Choderlos de Laclos - De l’éducation des femmes - 1783
France métropolitaine - Séries technologiques - Remplacement 2000

DE LA PARURE

        Nous connaissons deux sortes de parures ; l'une, qui consiste à tenir le corps dans l'état de perfection dont il est susceptible ; l'autre, à tirer le parti le plus avantageux des vêtements ou ornements dont le besoin, le caprice ou la raison ont consacré l'usage. Quoique la parure soit soumise encore à plus de variations que la beauté, dont elle est en quelque sorte le complément, elle a cependant quelques règles générales qui peuvent convenir à tous les peuples et s'adapter à tous les habillements. La parure est non seulement l'art de tirer parti des dons de la nature, mais encore celui de leur prêter les charmes de l'imagination. Considérée sous ce point de vue, elle devient un stimulant de la volupté, et nous ne la croyons pas indigne de fixer l'attention même des philosophes, puisqu'elle sert au bonheur de l'homme, en concourant à ses plaisirs.

        Il y avait un champ aride et pierreux, que traversait une rivière, dont, à peine. on voyait l'eau verte et stagnante sous les joncs dont elle était couverte. On a fait arracher les joncs ; on a donné du cours aux eaux ; on a paré cette rivière en la tenant dans l'état de perfection dont elle était susceptible ; on a fait depuis planter des bois sur ses bords et ce champ, où personne n'allait, est devenu un bosquet charmant dont on chérit l'ombrage, on l'a paré à l'aide d'ornements étrangers mais on a disposé ce bois de façon que, quoiqu'il soit peu étendu, on croit être dans une forêt immense ; on a paré ce bois en lui prêtant les charmes de l'imagination : ce qu'on a fait dans ce champ. toute ou presque toute femme peut l'exécuter sur elle.

        Si le besoin inventa les premiers vêtements, la parure en augmenta considérablement l'usage. Si l'on en excepte une ceinture, utile à tous les peuples pour garantir les parties du corps qui, étant le siège du toucher, sont naturellement délicates et sensibles, et quelques peaux de bêtes, utiles à plusieurs pour les garantir des injures de l'air, le reste est dû à la parure. On suit plus la qualité des idées que la quantité des besoins.

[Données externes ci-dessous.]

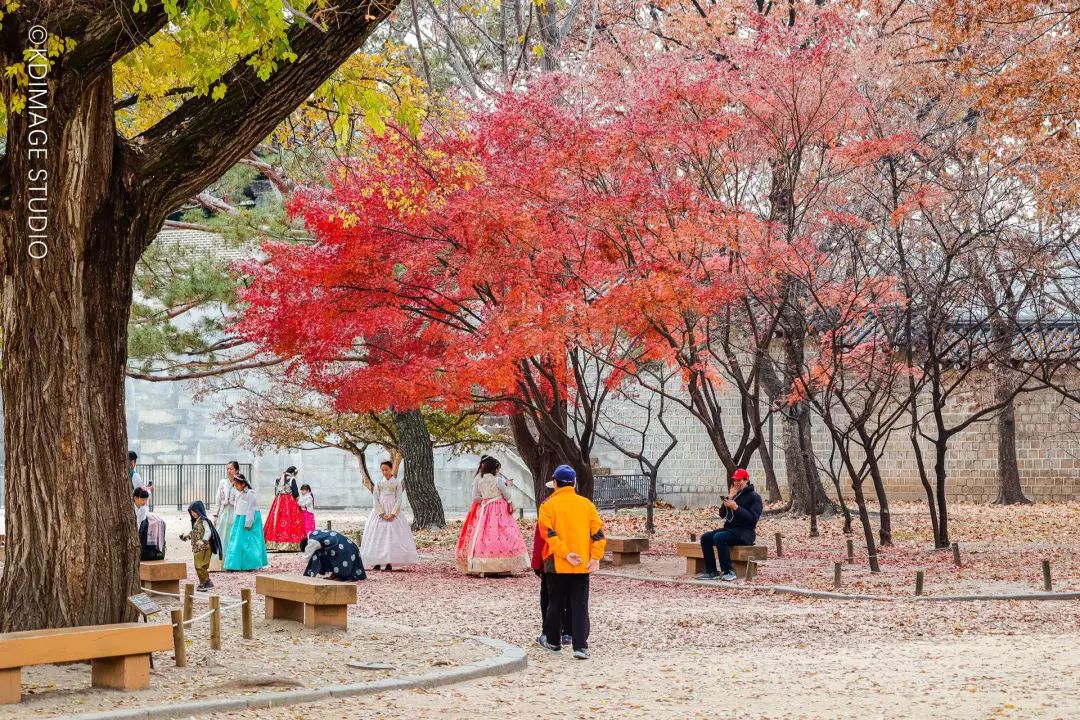 韩国的旅游攻略_韩国济州岛旅游攻略_韩国济州岛首尔旅游攻略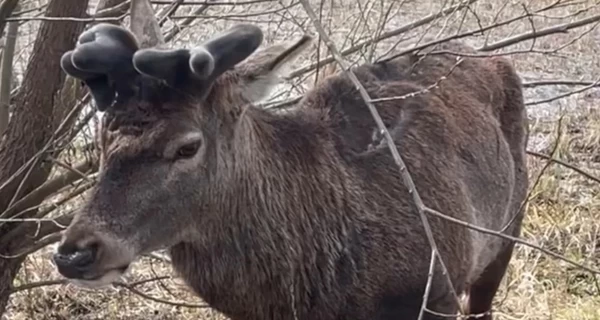 В Ровенской области нашли знаменитого оленя Бориса, пропавшего после ДТП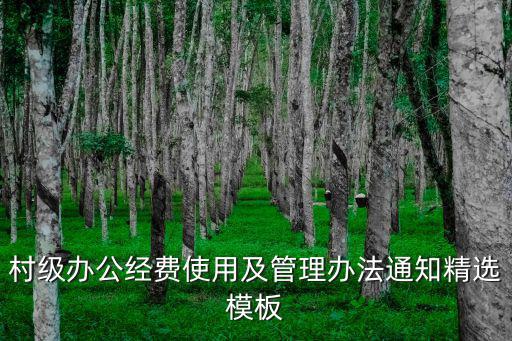 村級辦公經費使用及管理辦法通知精選模板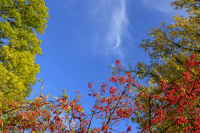in front of a blue sky you see autumn colored trees and shrubs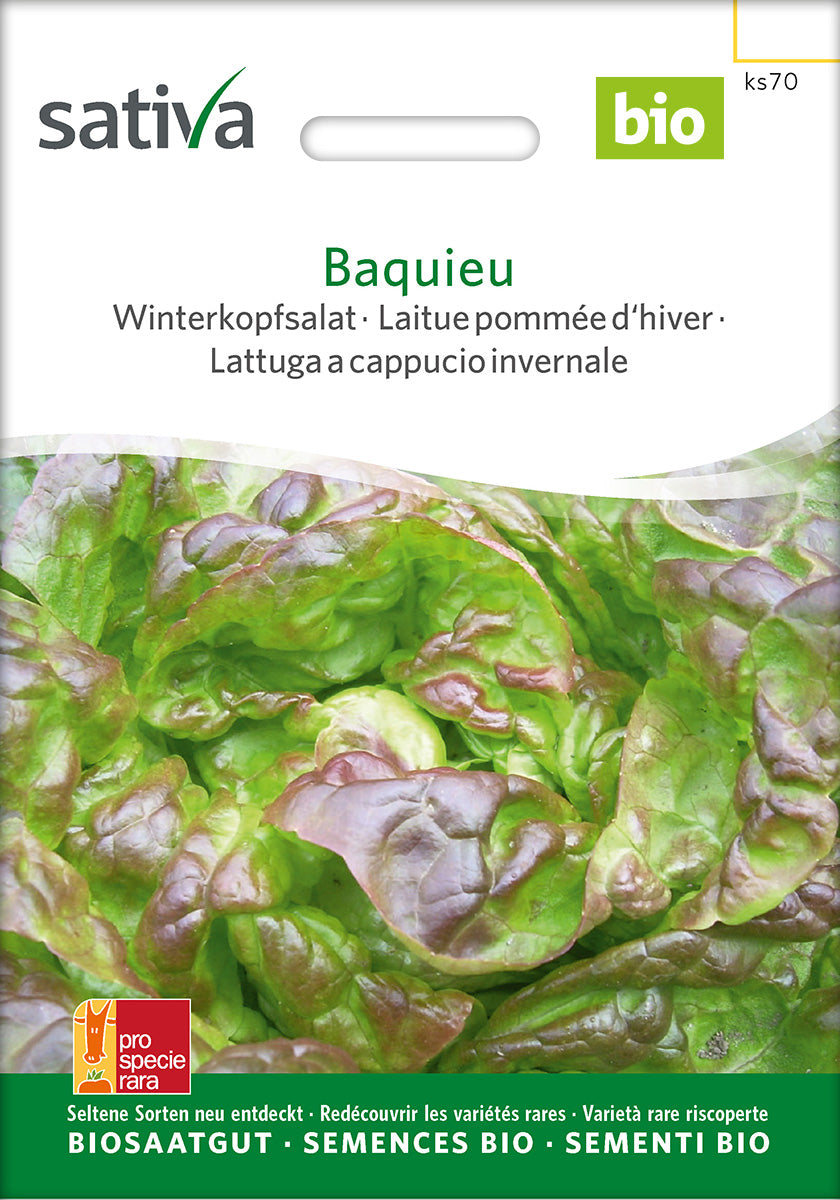 BIO Saatgut Winterkopfsalat Baquieu (Lactuca sativa) – rotbraune Köpfe mit hellgrünem Herz, samenechte Sorte in EU BIO Qualität für Überwinterungsanbau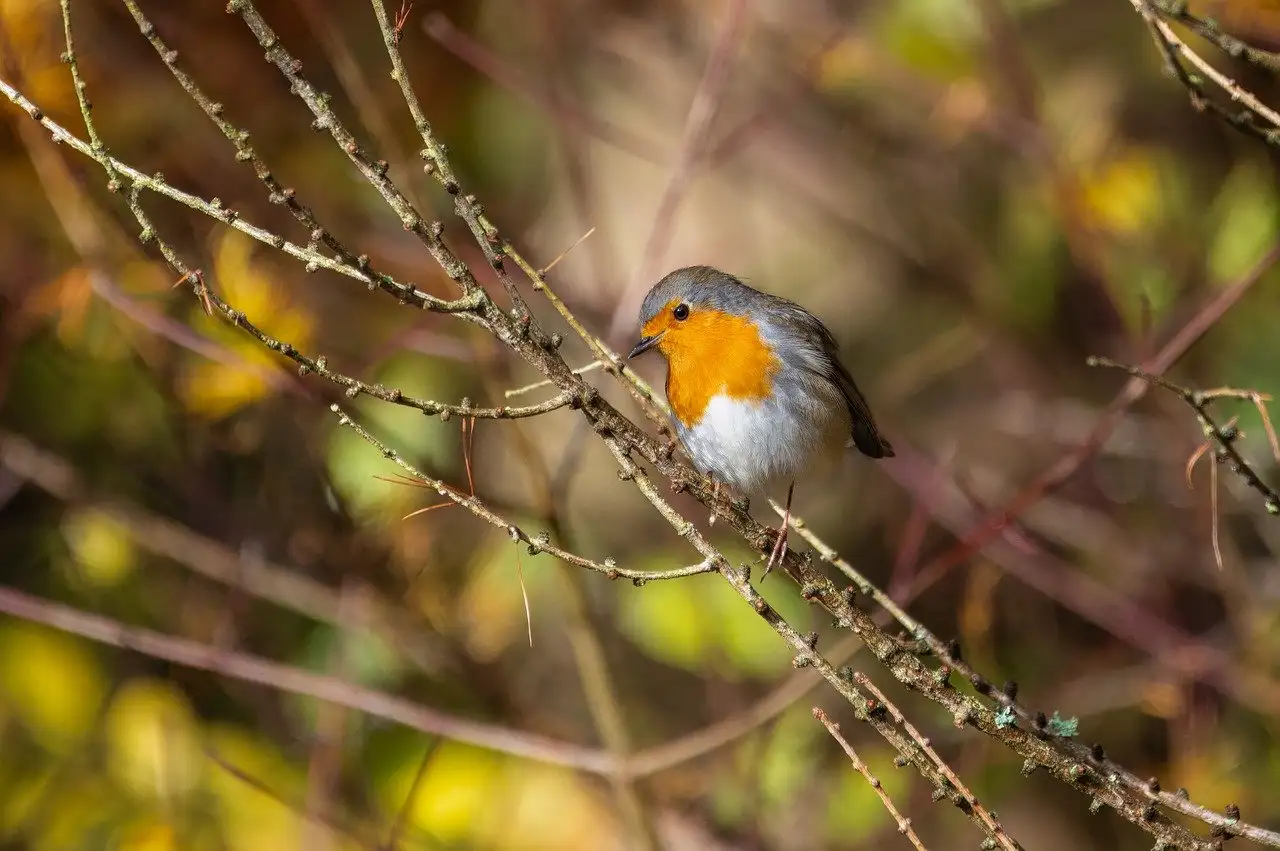 Comment les oiseaux ont-ils survécu à l'extinction massive ?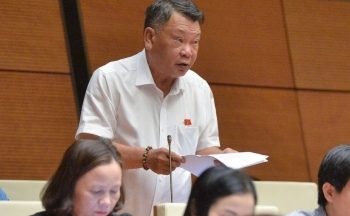 Đại biểu Quốc hội đề xuất tạm dừng thanh tra nếu phát hiện chồng chéo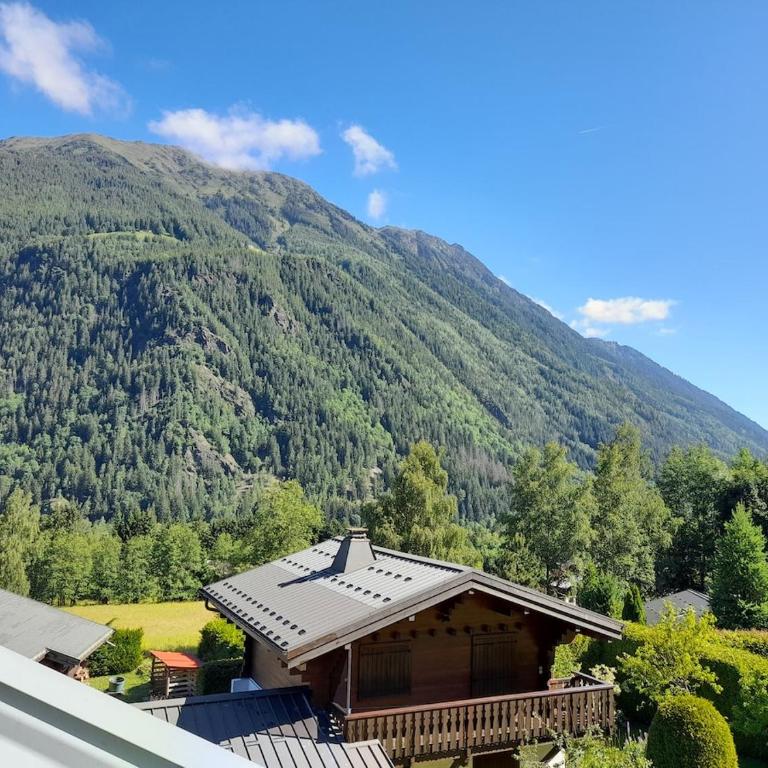 Chalet mitoyen au calme - rez-de-jardin - parking - Appartement 2 Chambres - 23
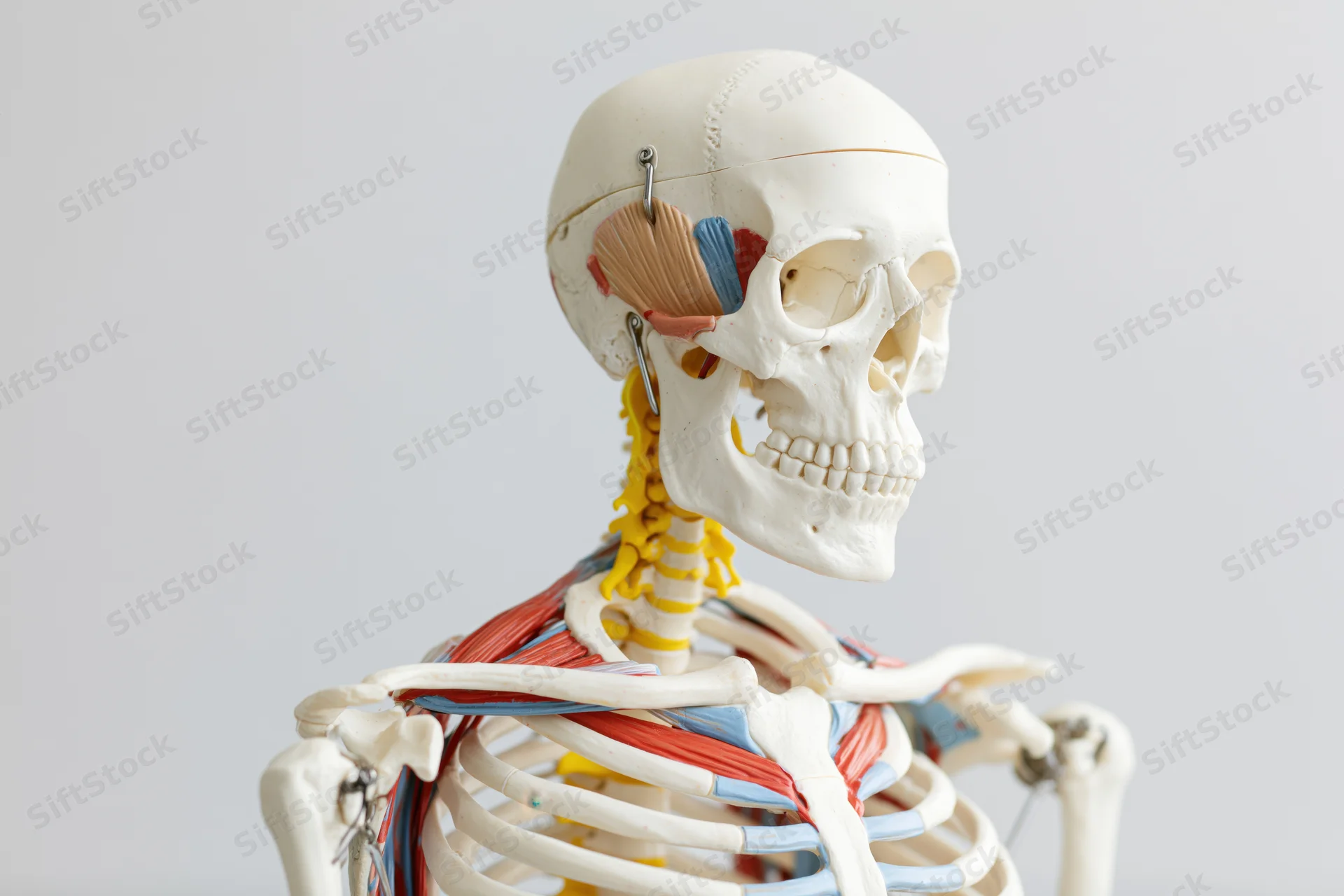 Anatomical skeleton model showing upper torso and skull with visible bones and colored muscles on plain background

        Si l'on niait ce fait, qu'on nous dise pourquoi les peuples policés (1) de l'Indoustan se vêtissent sous un ciel brûlant, tandis que le sauvage grœnlandais, vivant au milieu des glaces, quitte ses habits en rentrant dans sa cabane pour ne les reprendre que lorsque le froid excessif du dehors l’y contraint. Celui-ci est mû par la crainte de la douleur, l'autre suit l'attrait du plaisir ; le Maure (2) fortuné, placé dans un climat où la nature s'empresse de prévenir ses besoins se livre à la volupté ; il veut conserver à tout son corps une sensibilité qui n’est exercée que par le plaisir : il reste vêtu ; le malheureux Grœnlandais, vivant sous un ciel rigoureux, uniquement occupé de chercher au milieu des glaces de la mer une subsistance qu'elle ne lui accorde pas toujours, et que la terre lui refuse constamment, n’a d'idées que par ses besoins ; il cherche à émousser une sensibilité, qui presque toujours, lui est douloureuse ; il reste nu, dès qu’il peut se passer de vêtement.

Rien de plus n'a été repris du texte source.